NZ Rugby isolated, vulnerable and wrong
When English poet John Donne wrote that No Man is an Island 400 years ago, he couldn’t possibly have foreseen 19,300km away in the Pacific there would be such determination to prove him wrong.
But New Zealand Rugby have done just that, having found themselves isolated and vulnerable without a friend in the world.
It started with Australia and South Africa but the list of organisations and territories NZR has now alienated has been expanded to include their own players’ association and the Pacific Islands en masse.
The move to island status for NZR began in July with a unilateral declaration to blow up Super Rugby.
Now they have all but completed the job with another unilateral decision to unveil next phase plans for the competition which has led to the New Zealand Rugby Players’ Association saying it’s had enough of the national body’s “arrogant and dominant stance” in regard to trying to structure the professional landscape next year and beyond.
The various Pasifika syndicates who have spent the last two months bidding to enter Super Rugby are equally disaffected and bemused that NZR conducted a bid process for something it couldn’t deliver.
For something, in fact, it has no legal ability or right to deliver, because despite all the headlines and unilateral proclamations that Super Rugby is dead, all Sanzaar parties are locked into watertight, irrefutable contracts that they will be participating in a 14- team competition in 2022.
If Sanzaar had any kind of strategic nous or leadership, it would have followed Mark Twain’s lead and spent a bit of time these past few weeks reminding everyone that reports of its death have been greatly exaggerated.
Although it may not suit NZR’s newly adopted belief that it is the owner and governor of Super Rugby, it categorically isn’t.
Agreement was reached among the Sanzaar partners that due to Covid, member nations would be free to make alternative arrangements in 2020 and 2021.
But there has been no unwinding of Sanzaar and all the commercial arrangements that are locked into it in 2022.
Rob Nichol, who heads the New Zealand Rugby Players’ Association, is not alone in wondering on whose authority NZR feels it is acting in relation to the bid process to expand Super Rugby Aotearoa in 2022.
It has no legal right to see itself as the chief organiser, and so the four bidders who were told they are still in the frame for inclusion in 2022 should be aware they are, in fact, in a race to nowhere and not a race to be part of Super Rugby.
This pandemic- impacted time is an opportunity to unite and collaborate, not leverage and dominate.

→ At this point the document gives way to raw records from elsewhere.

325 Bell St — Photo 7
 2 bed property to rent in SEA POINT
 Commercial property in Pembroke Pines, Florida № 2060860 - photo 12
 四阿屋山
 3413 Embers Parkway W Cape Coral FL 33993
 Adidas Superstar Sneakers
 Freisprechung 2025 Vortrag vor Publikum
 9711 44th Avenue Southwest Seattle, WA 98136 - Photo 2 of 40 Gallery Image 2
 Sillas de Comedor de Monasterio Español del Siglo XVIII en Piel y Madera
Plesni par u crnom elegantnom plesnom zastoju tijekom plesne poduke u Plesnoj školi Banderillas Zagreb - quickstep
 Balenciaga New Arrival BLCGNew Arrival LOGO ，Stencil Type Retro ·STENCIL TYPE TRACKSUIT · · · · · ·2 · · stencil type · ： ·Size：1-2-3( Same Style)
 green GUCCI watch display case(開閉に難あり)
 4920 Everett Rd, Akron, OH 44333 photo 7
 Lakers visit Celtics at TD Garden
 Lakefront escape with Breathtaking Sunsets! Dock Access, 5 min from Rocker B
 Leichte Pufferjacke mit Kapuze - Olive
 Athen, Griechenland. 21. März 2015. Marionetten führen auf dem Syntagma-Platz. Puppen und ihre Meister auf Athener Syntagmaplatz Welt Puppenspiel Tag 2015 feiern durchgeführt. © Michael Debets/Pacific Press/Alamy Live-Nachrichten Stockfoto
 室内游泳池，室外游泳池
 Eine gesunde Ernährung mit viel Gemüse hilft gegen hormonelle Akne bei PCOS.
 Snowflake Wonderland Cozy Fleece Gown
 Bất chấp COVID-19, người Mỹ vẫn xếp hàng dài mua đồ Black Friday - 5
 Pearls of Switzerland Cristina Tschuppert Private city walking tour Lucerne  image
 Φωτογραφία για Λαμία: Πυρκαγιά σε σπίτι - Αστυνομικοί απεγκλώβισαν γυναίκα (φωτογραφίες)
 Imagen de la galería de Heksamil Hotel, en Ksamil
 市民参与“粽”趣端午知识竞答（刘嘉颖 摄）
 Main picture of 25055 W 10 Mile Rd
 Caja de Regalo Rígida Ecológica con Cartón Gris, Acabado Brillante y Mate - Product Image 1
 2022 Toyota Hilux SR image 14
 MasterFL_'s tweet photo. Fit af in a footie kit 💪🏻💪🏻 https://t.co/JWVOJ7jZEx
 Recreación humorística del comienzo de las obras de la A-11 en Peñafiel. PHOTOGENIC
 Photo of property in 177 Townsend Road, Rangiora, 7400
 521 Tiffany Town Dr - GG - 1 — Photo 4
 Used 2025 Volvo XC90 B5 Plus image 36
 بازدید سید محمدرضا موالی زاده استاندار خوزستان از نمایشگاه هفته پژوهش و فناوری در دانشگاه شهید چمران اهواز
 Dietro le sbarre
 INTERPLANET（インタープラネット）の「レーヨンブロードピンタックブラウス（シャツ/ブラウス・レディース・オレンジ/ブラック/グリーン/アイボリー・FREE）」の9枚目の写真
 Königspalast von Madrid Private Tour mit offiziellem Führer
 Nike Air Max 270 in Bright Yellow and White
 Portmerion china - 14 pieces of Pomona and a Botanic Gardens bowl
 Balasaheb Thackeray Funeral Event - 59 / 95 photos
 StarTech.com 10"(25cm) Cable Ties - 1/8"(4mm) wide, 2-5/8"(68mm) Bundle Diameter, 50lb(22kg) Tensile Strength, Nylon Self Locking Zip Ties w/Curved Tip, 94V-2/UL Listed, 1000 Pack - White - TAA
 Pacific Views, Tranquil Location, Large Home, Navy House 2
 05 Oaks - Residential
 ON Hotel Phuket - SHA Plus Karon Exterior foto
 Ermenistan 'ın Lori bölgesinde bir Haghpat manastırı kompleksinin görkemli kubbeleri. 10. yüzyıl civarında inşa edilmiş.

It’s a time for the so- called strong to protect those who are struggling and NZR must surely see that it is complicit in keeping Rugby Australia in a place of weakness by refusing to engage in good faith terms about how the two nations can build future competition structures together.
It’s classic chicken and egg, with NZR saying Rugby Australia is too high risk as a partner because it has no broadcast deal beyond next year, yet NZR has not afforded Rugby Australia an opportunity to be part of Super Rugby and therefore they don’t have anything to take to their broadcasters to secure a deal.
NZR also aired its belief that financially, it was too big a risk to include Moana Pasifika next year.
On that basis, there is justification, but as Nichol is now advocating, no one knows the answer to that because the key questions have not been asked and the right people have not all been in the room together to thrash out the feasibility.
He accepts it may still be unsuccessful, but it will at least satisfy the various interested Pasifika parties that NZR exhausted the possibility of inclusion in 2021 and that will be the first step in the national body winning back some friends around the world it desperately needs.